I used to write a lot of poetry. I honestly think that most people did. Or, at least, that most teenage girls of a literary bend did. I loved to write it but it was dramatic and not completely honest. I wrote about the people I loved and the people who thought they loved me and knowing the difference. I wrote about being a virgin and then about not being a virgin. I wrote about starving myself and hurting myself. I know that I was not “normal” but the older I get the more normal it all feels. When I got to college I wrote about the boy I was convincing myself to love and how messed up society was and how hard everything was. Then I just stopped.
I just stopped.
I can really point it back to my undergrad and two classes: Intro to creative writing and Creative Writing: The Short Story. When I started the intro class, I was put into a group with two other students. For the rest of the semester we would read our work to each other, critique it, edit it, and reread it before submitting. I was put in a group with literally the dumbest woman I had ever met at that point. She was going for the primary education degree, English and social sciences. She had a hard time with writing. She brought her baby to class and actually breast fed during our sessions, which disturbed the 20 year old me to no end. She didn’t understand capitalization or punctuation. When it came time to do the poetry unit she pretty much rewrote “The Road Less Traveled” with a farm scene at the beginning. Her note, in red pen, on my poem was, “This doesn’t rhyme!” It was a poem I was very proud of, about women and society. That was the moment that I thought, “Why would I bother if people like this are going to talk about how my poems don’t always rhyme??” I am a big fan of rhyming but I understand that poems don’t Have To.
The following semester I took the short story class because I was too scared to take the poetry class. I was beginning to think that my poems were a bit adolescent. I enjoyed the class. I did some of my best work in the class. The professor took my writing to new levels and the people in the class questioned all of the right things. One of the short stories I wrote was a blatant “piss off” to the professor, who I had developed a slight crush on because he helped me so much. He forbid us from killing of characters so I did and I won all of the praises. It was such a good story that a local theater guy I knew from school asked me to make it into a script. It will be filmed probably next autumn. When I wrote that story and another absolutely great one, I decided that poetry wasn’t my thing. I needed narrative. I needed paragraphs and dialogue and chapters. It was the first time I realized that I maybe could actually write something good.
And so poetry fell to the wayside. I still wrote in once in a while, in the margins of my notes and amongst doodles in my French class (that I barely passed, it should be noted). A few years ago, I decided to write it again and I launched a blog with the idea that I would write poems there.
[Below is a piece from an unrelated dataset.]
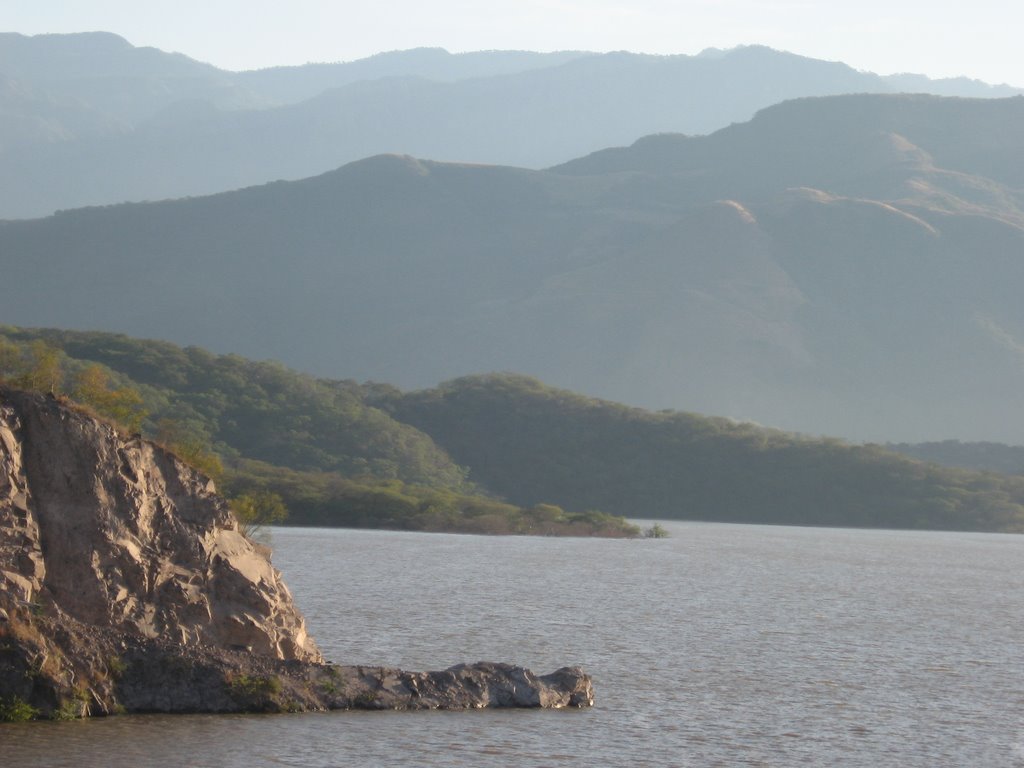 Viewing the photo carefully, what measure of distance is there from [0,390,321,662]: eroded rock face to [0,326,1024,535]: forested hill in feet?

I wrote one. which I still think is terribly good, and never touched it again. I still loved poetry. I loved to read it aloud to myself and the cats. I loved to read it every day. Every September I took out Spoon River Anthology, my absolute favorite. I admired it but never wrote it.
I decided to revisit poetry when Hubby bought me a typewriter. It was the first year we were together, when he was still known as Gooey. I told him that I wanted a typewriter for my birthday in passing as a test. That man ran all over hell searching for one. He went so far as to go back to garage sales we had been to without me just to plug them in and see if they worked. My typewriter came in a box with a bunch of funny stuff about how much better for the environment it was than wrapping paper written on it and it came with two new ribbons and a ream of paper. I swore that I would write nothing but poetry on the paper and took it back up.
But I was rusty and I was determined to beat the old poetry into the ground. Most of what I have written has been… lackluster. There are a few good ones. I would think that my best are what I like to refer to as the “death series.” When my father died, I knew that it was something I could only express in fragments. The feelings were just too much to put into prose. In poetry you can say all of the weird things. You can say, “I wanted to take you into me/ Make you stay one more day.” You can say, about another funeral, a particularly shocking one in the community I work in, that the cars looked like ants, carrying their crumb to the graveyard.
But now that I am back into it, ever so slightly, I can tell that I am not smart enough to be a poet. Nobody wants to read about a poet putting the top down and getting an iced tea, even if it leads to the biggest regret of her life: that she didn’t make the turn to visit her father two days before his death. Maybe if I were smarter I could pull it off… But, as the blog says, I is who I is. I wish that I could put every moment of that last drive, the last drive of my childhood really, into a poem that meant something.
Isn’t that the essence of a poem, though? Isn’t it about getting down to the bone and marrow of it? Isn’t it about the fields you took a picture of the fields and the turn you forgot to take and the falling down farmhouse where cows walk in and out and the reason that you didn’t go back when you could have? (I was tired and wanted a nap and I was on a staycation and, anyway, I would see him tomorrow.) Isn’t there a poem in there? Why does it have to be, oh, I don’t know, verbose? Can’t it just be me being me and seeing those last days like sand in an hourglass? Isn’t this whole effing paragraph a poem waiting to happen?
What is poetry and what makes it great and what makes it worth our time? That’s the question. It seems simple but the answers are too complicated for me. I am, after all, just a girl taking pictures of a field in September.